*WHAT THE TASK ASKS*:
Search the records below for the word "Immunohistochemistry" and show every line where it occurs.

Dataset entries
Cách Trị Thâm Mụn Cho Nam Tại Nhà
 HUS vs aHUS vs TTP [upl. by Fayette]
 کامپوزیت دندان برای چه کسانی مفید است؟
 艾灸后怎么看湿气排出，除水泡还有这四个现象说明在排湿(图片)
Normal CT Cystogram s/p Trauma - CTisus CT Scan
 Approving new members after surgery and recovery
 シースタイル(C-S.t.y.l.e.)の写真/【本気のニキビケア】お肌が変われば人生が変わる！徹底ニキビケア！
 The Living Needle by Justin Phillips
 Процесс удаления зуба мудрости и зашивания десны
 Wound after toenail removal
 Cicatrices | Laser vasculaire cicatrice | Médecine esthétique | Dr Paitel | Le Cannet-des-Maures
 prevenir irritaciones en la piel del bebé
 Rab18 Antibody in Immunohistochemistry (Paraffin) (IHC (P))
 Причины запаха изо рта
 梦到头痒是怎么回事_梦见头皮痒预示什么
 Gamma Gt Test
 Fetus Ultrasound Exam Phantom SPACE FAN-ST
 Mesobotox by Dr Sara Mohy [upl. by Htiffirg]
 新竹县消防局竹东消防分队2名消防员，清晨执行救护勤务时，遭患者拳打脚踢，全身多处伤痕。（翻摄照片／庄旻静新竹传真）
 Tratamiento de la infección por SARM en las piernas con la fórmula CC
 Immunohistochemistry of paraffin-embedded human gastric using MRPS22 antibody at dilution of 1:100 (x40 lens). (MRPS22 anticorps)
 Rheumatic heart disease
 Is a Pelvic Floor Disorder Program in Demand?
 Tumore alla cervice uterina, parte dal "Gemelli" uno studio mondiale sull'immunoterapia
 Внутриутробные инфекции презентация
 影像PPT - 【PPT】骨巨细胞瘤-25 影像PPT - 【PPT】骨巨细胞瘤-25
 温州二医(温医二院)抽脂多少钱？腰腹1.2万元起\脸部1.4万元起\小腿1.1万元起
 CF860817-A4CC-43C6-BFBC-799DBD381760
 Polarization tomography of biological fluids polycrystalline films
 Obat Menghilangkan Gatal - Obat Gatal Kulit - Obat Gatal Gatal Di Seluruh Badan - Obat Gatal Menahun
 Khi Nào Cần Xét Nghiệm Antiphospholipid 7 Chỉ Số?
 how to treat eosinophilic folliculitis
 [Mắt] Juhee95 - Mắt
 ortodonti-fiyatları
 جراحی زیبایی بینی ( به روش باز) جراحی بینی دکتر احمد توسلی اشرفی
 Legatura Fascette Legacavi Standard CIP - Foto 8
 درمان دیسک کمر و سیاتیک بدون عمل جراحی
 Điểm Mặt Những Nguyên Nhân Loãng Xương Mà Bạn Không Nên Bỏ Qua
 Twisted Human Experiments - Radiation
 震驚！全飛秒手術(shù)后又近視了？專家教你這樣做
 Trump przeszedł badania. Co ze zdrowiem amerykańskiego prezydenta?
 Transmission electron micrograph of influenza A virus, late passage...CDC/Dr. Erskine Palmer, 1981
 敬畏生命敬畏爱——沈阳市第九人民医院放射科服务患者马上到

*RESULT FOR THIS TASK*:
 Rab18 Antibody in Immunohistochemistry (Paraffin) (IHC (P))
 Immunohistochemistry of paraffin-embedded human gastric using MRPS22 antibody at dilution of 1:100 (x40 lens). (MRPS22 anticorps)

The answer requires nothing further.